戦略の重要性~コダック社の経営破綻
今の時代の特徴を一口で言うと〝変化のスピードが速くて大きい〟ということですが、この変化の潮流をしっかりととらまえて、経営のかじ取りを行なっていかないと取り返しのつかないことになります。昨今の産業界を見ると、どの分野においても二極化が進んできており、かつて業界をリードしてきた名門と言われていた企業の経営破綻が度々報じられるようになってきました。
先日、アメリカの映像機器大手のイーストマン・コダック社が日本の民事再生法にあたる米連邦破産法11条の適用をニューヨークの連邦地裁に申請したというニュースが飛び込んできました。同社は1880年の創業で、35ミリの「コダローム」を発売し、写真フィルムで一時代を風靡した企業です。その後、1975年には世界初のデジタル・カメラを開発しましたが、高収益のフィルム事業にこだわったため、市場の変化対応に遅れをとってしまいました。そして、2003年に本格化したデジタル・カメラの普及に事業構造の転換がついていくことができず、急速に経営が悪化してしまったのです。これと同様のことはレコード業界でも起こっています。このように、デジタル化技術の進歩は、従来の産業構造や業界秩序を一挙に覆すということになってきているのです。

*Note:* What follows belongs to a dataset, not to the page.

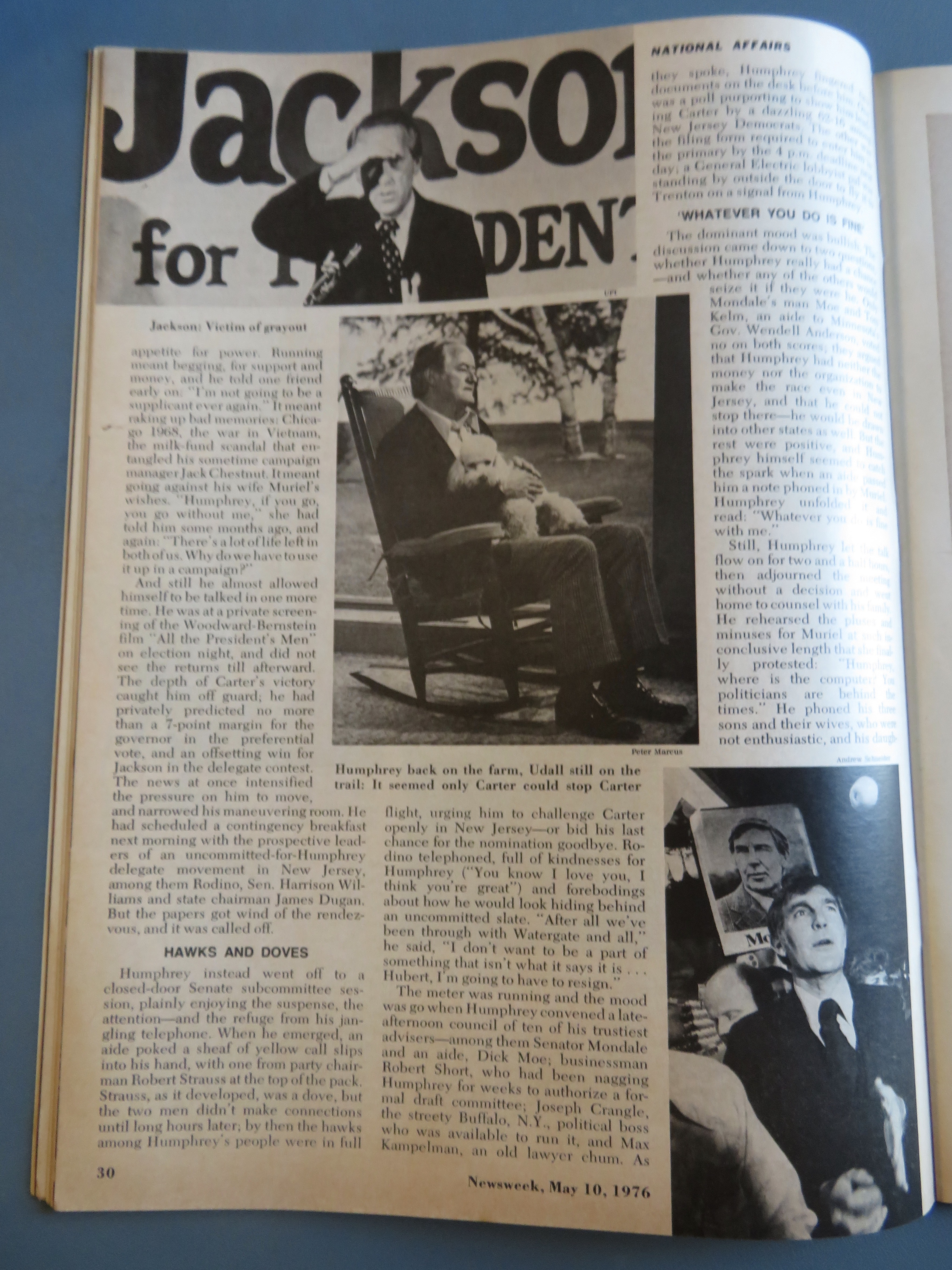 Newsweek Magazine May 10, 1976 Carter's Sweep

しかし、一方で富士フィルムは、医薬品や化粧品、液晶関連の新規事業を創出する等の多角化戦略をとり、脱フィルムを実現しています。このコダック社の例は圧倒的な強みを持つ事業はなかなか改革できないということではないかと思います。これは教育界においても同様であり〝強みが弱みになる〟ということをしっかりと学習し、経営戦略を構築していくことが重要であると感じています。